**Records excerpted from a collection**
++++++++++++++++++++

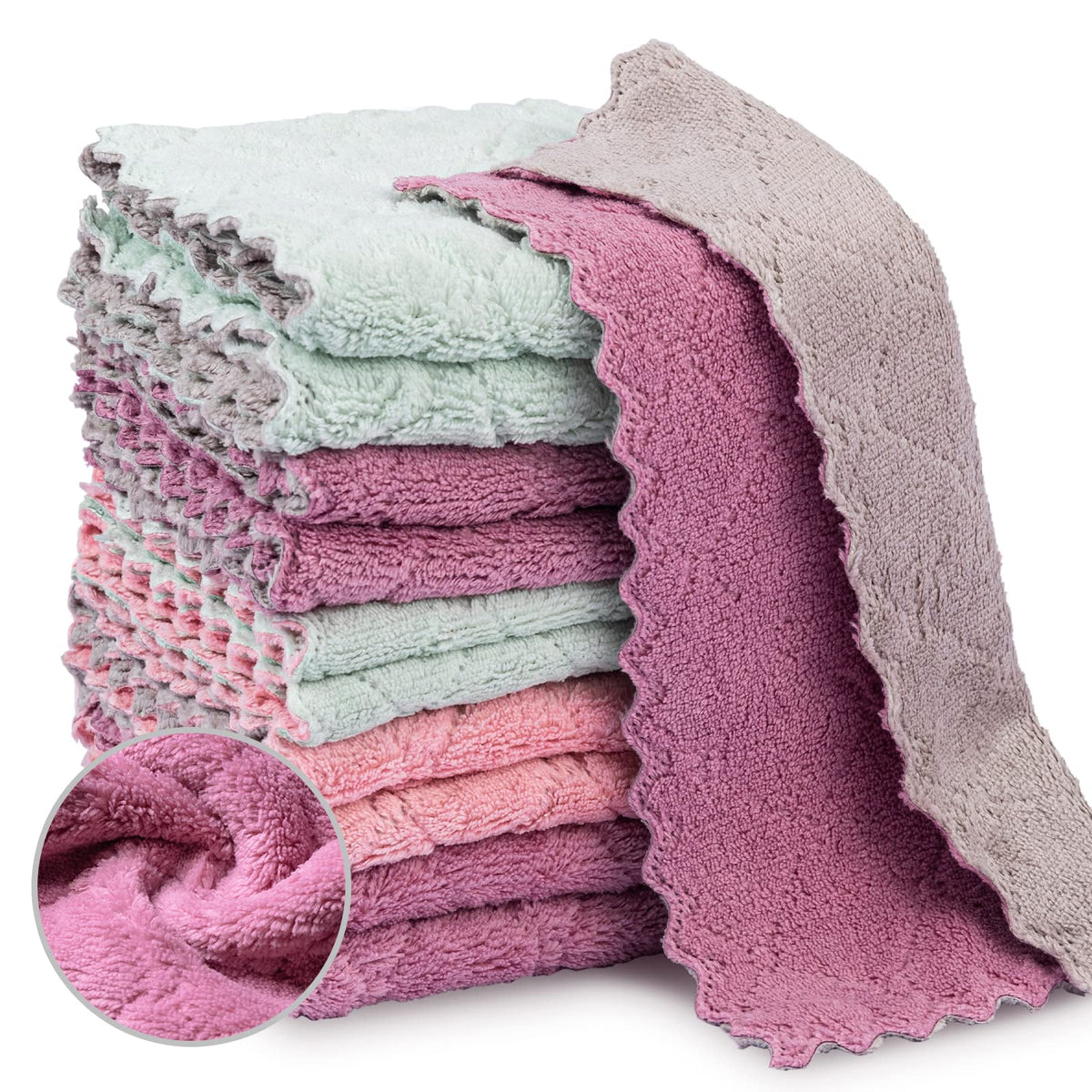 Bessrung 20 Packs Kitchen Cloth Dish Towels, Nonstick Oil Fast Drying Washcloths, Premium Dish Cloths for Kitchen, Car, Bathroom Cleaning, Reusable Highly Absorbent Cleaning Clothes, Mix-Colors
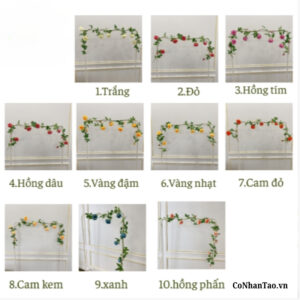 Dây Leo Hoa Giả - Dây Leo Hoa Hồng 7 Bông 7 Nụ 200 Cm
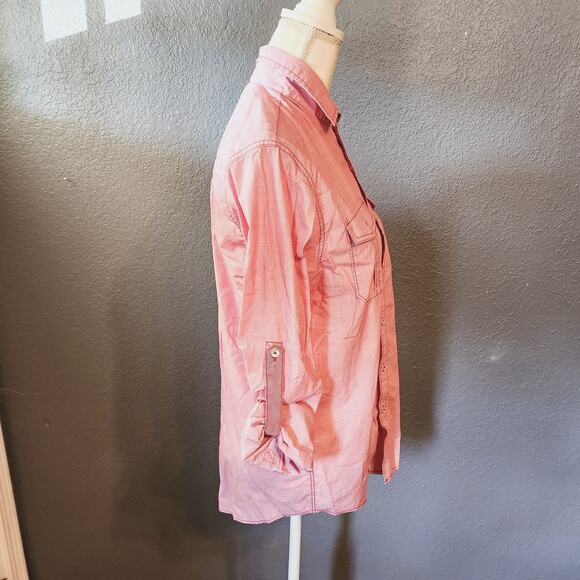 Michael Brandon Snap Down Tab roll long sleeve western rodeo shirt Size small - Picture 3 of 8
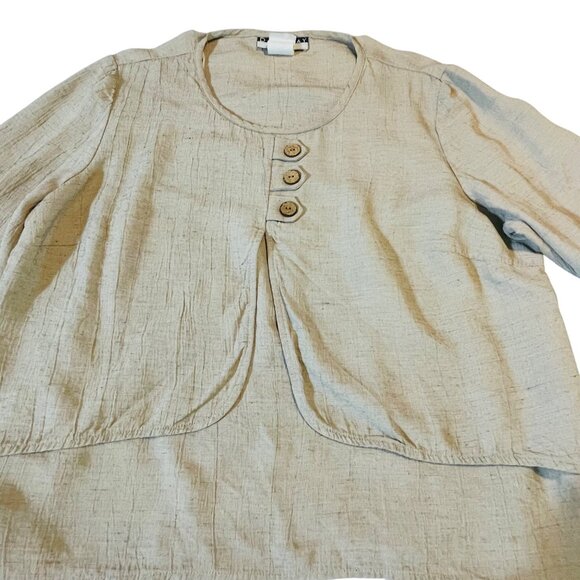 Dana Kay Womens Asymmetrical Beige Top Size 16WP Rayon Blend Vintage - Picture 2 of 7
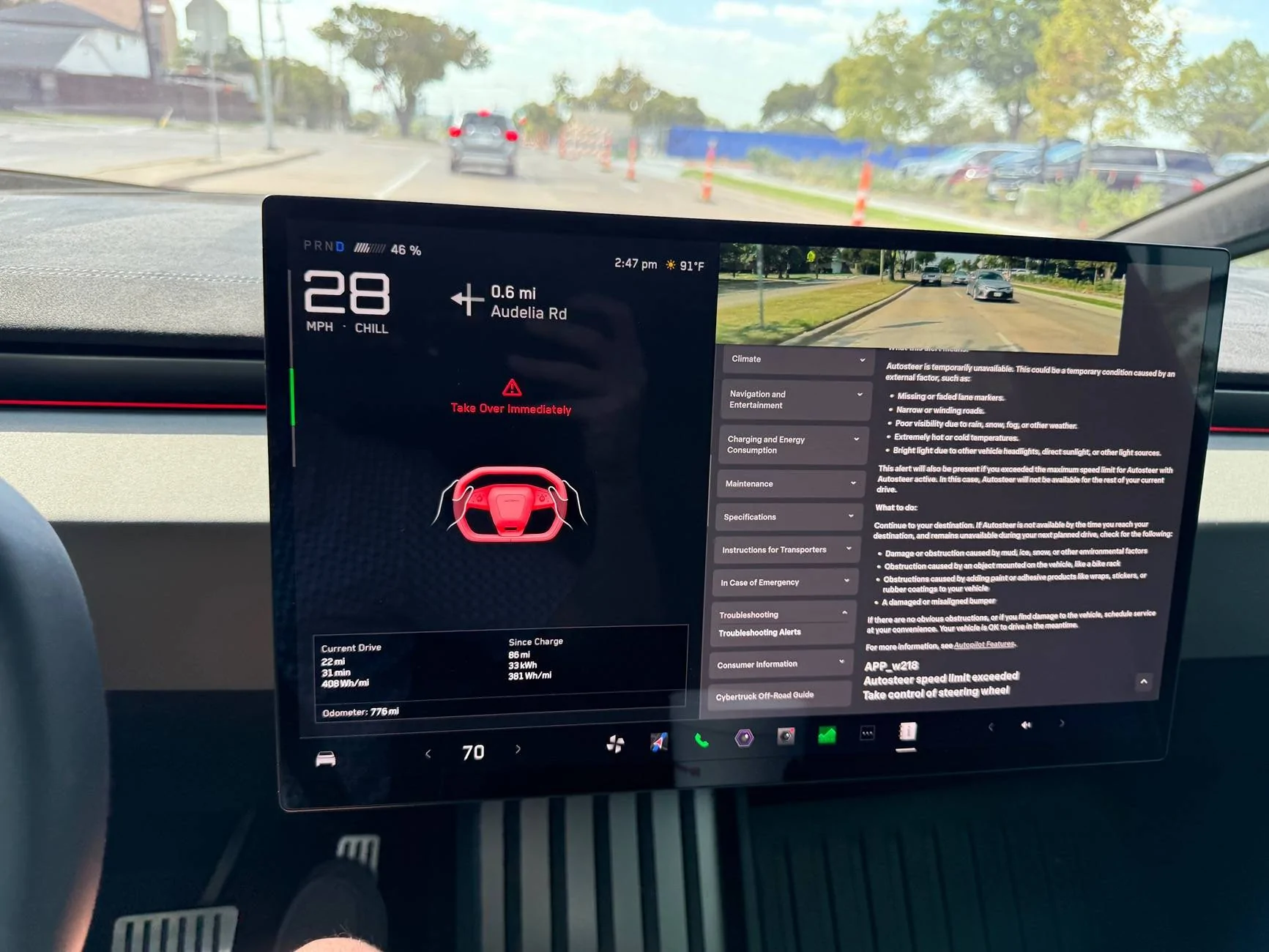 Tesla Cybertruck Bug in FSD: "Take Over Immediately" alert warning remains on display screen IMG_5884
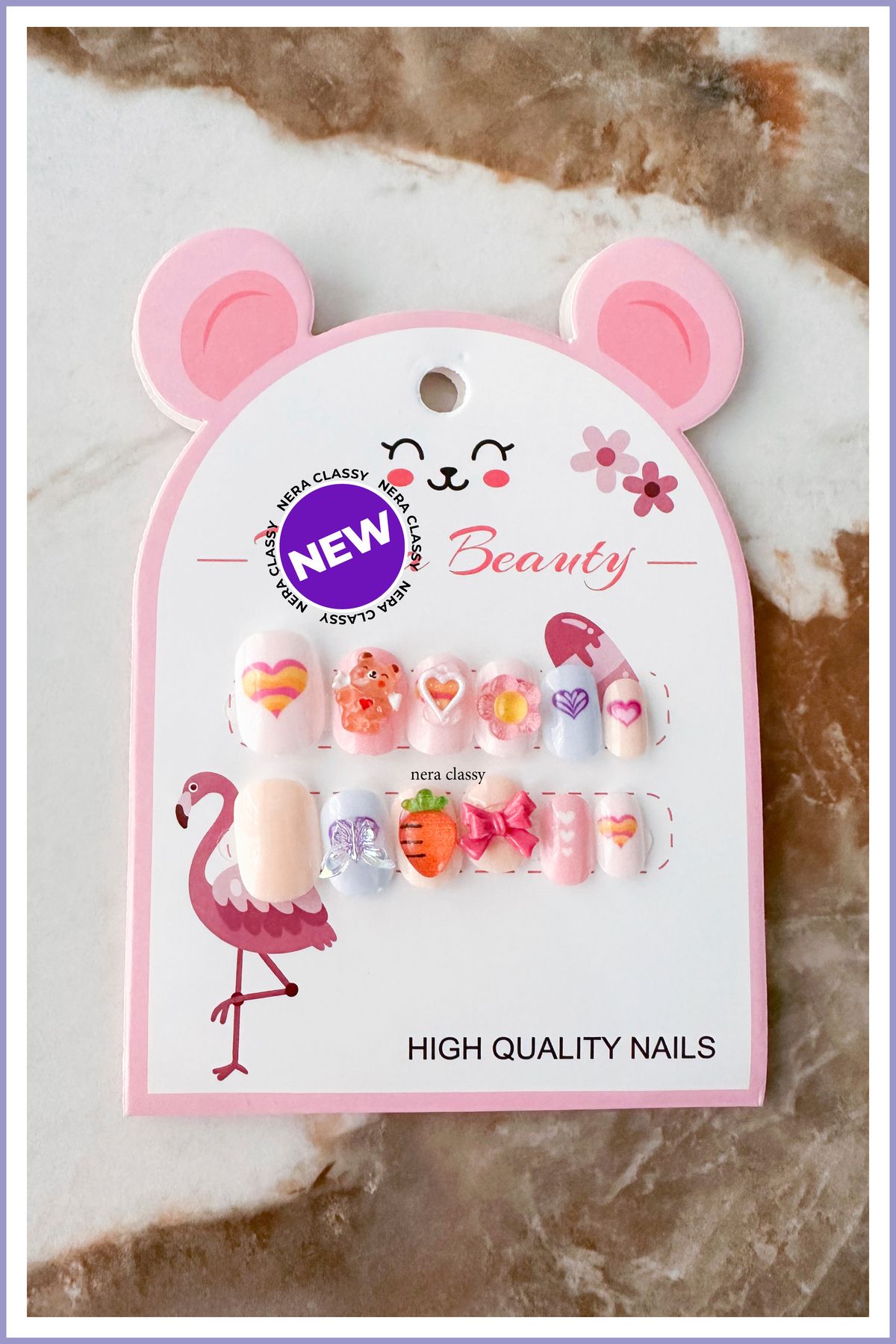 Nera Classy New 6D Charmli Çocuk Takma Tırnak, 12'li Çocuk Charmli Tırnak, Sevimli Charm Çocuk Protez Tırnak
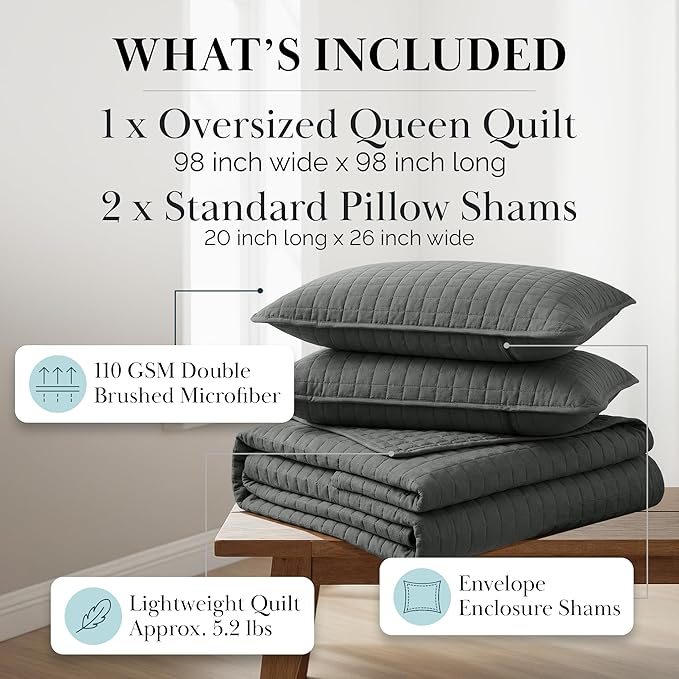 Southshore Fine Living, Inc. Summer Bedspreads Queen Size Set, Full/Queen Quilt Bedspread with 2 Matching Pillow Shams, Soft Microfiber Comforter Set, Lightweight Quilts Coverlet, Slate Grey Quilts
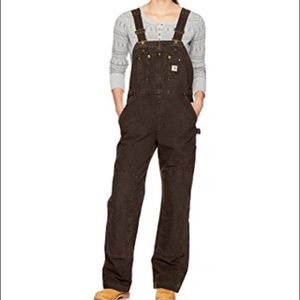 Womens Carhartt sandstone bib overalls small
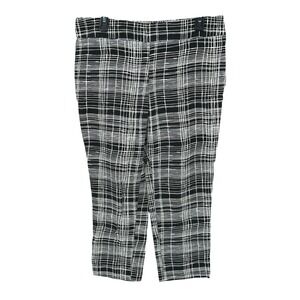Ann Taylor LOFT Pants Womens 10 Black‎ White Marisa Side Zip Crop Stretch Office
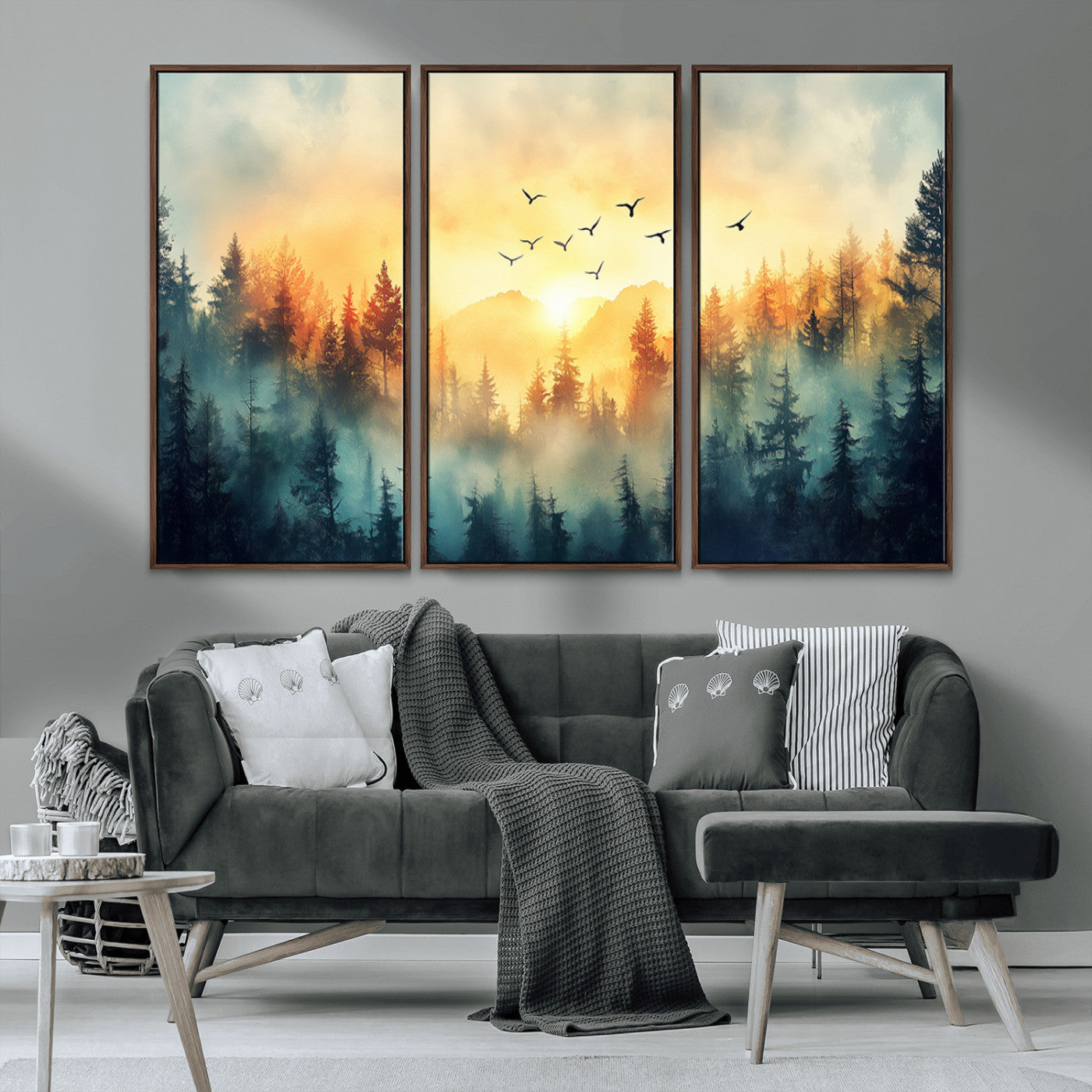 MGV-FC-48X32-3P - Abstract Forest Wall Art Print- Serene Nature Canvas Print with Misty Forest Design for Modern Home
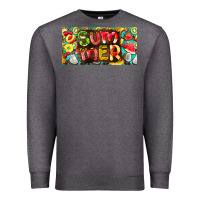 Charcoal Heather summer with fruits license plate Premium Sweatshirt - BarkalooDesign
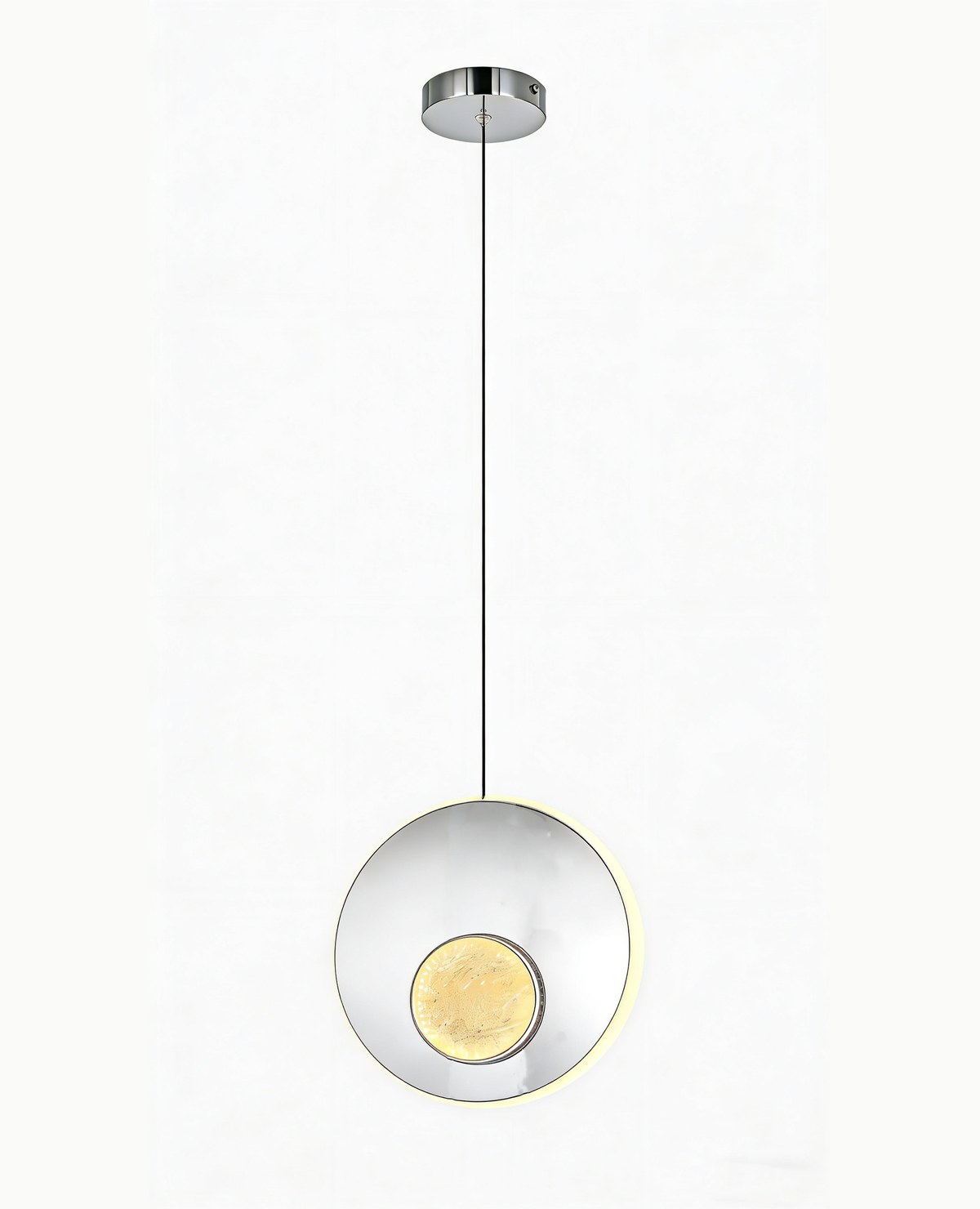 Ø30 cm ölçülerinde Krom, Kristal detaylı W8251-B avize, nötr fonda ana görsel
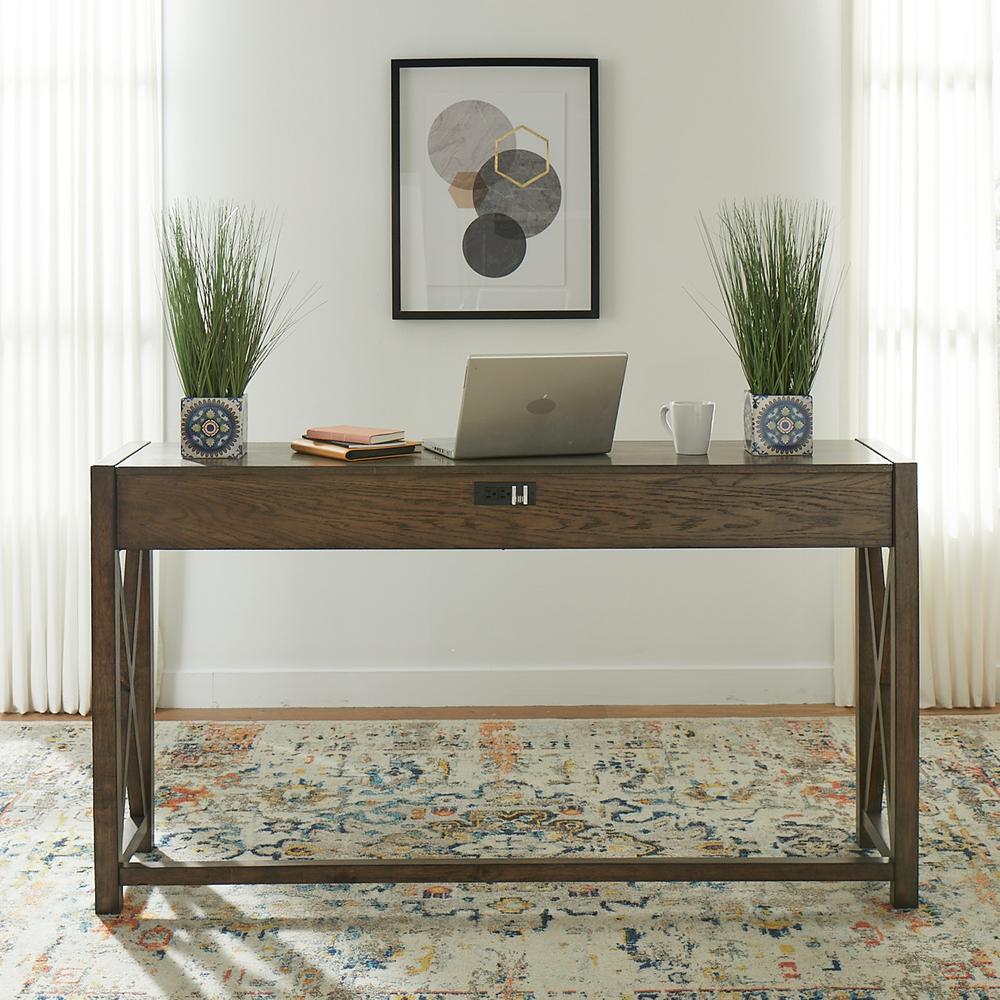 Lennox Console Bar Table in Weathered Chestnut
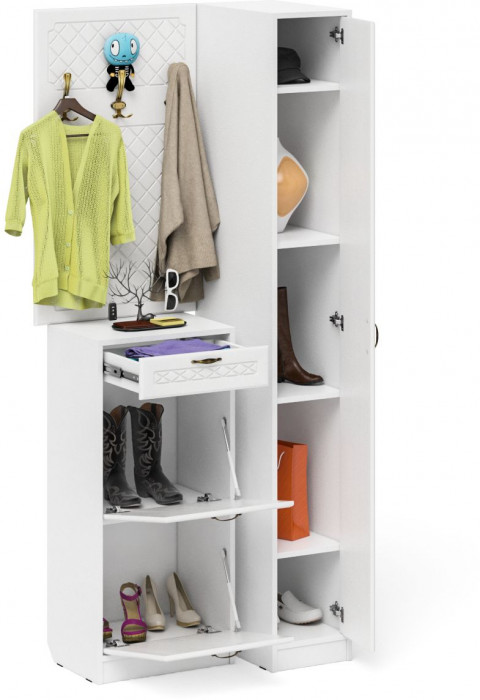 Прихожая П-6 Компоновка № 44, белая шагрень/фасады МДФ белое дерево фрезеровка ромб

++++++++++++++++++++

**What is required**
Write back the stretch of lines above that begins with the line holding "Dây Leo Hoa Giả" and ends with the line holding "Womens Carhartt sandstone bib overalls small", both included, exactly as written. Pictures stay out.

**Response to the exercise**
 Dây Leo Hoa Giả - Dây Leo Hoa Hồng 7 Bông 7 Nụ 200 Cm
 Michael Brandon Snap Down Tab roll long sleeve western rodeo shirt Size small - Picture 3 of 8
 Dana Kay Womens Asymmetrical Beige Top Size 16WP Rayon Blend Vintage - Picture 2 of 7
 Tesla Cybertruck Bug in FSD: "Take Over Immediately" alert warning remains on display screen IMG_5884
 Nera Classy New 6D Charmli Çocuk Takma Tırnak, 12'li Çocuk Charmli Tırnak, Sevimli Charm Çocuk Protez Tırnak
 Southshore Fine Living, Inc. Summer Bedspreads Queen Size Set, Full/Queen Quilt Bedspread with 2 Matching Pillow Shams, Soft Microfiber Comforter Set, Lightweight Quilts Coverlet, Slate Grey Quilts
 Womens Carhartt sandstone bib overalls small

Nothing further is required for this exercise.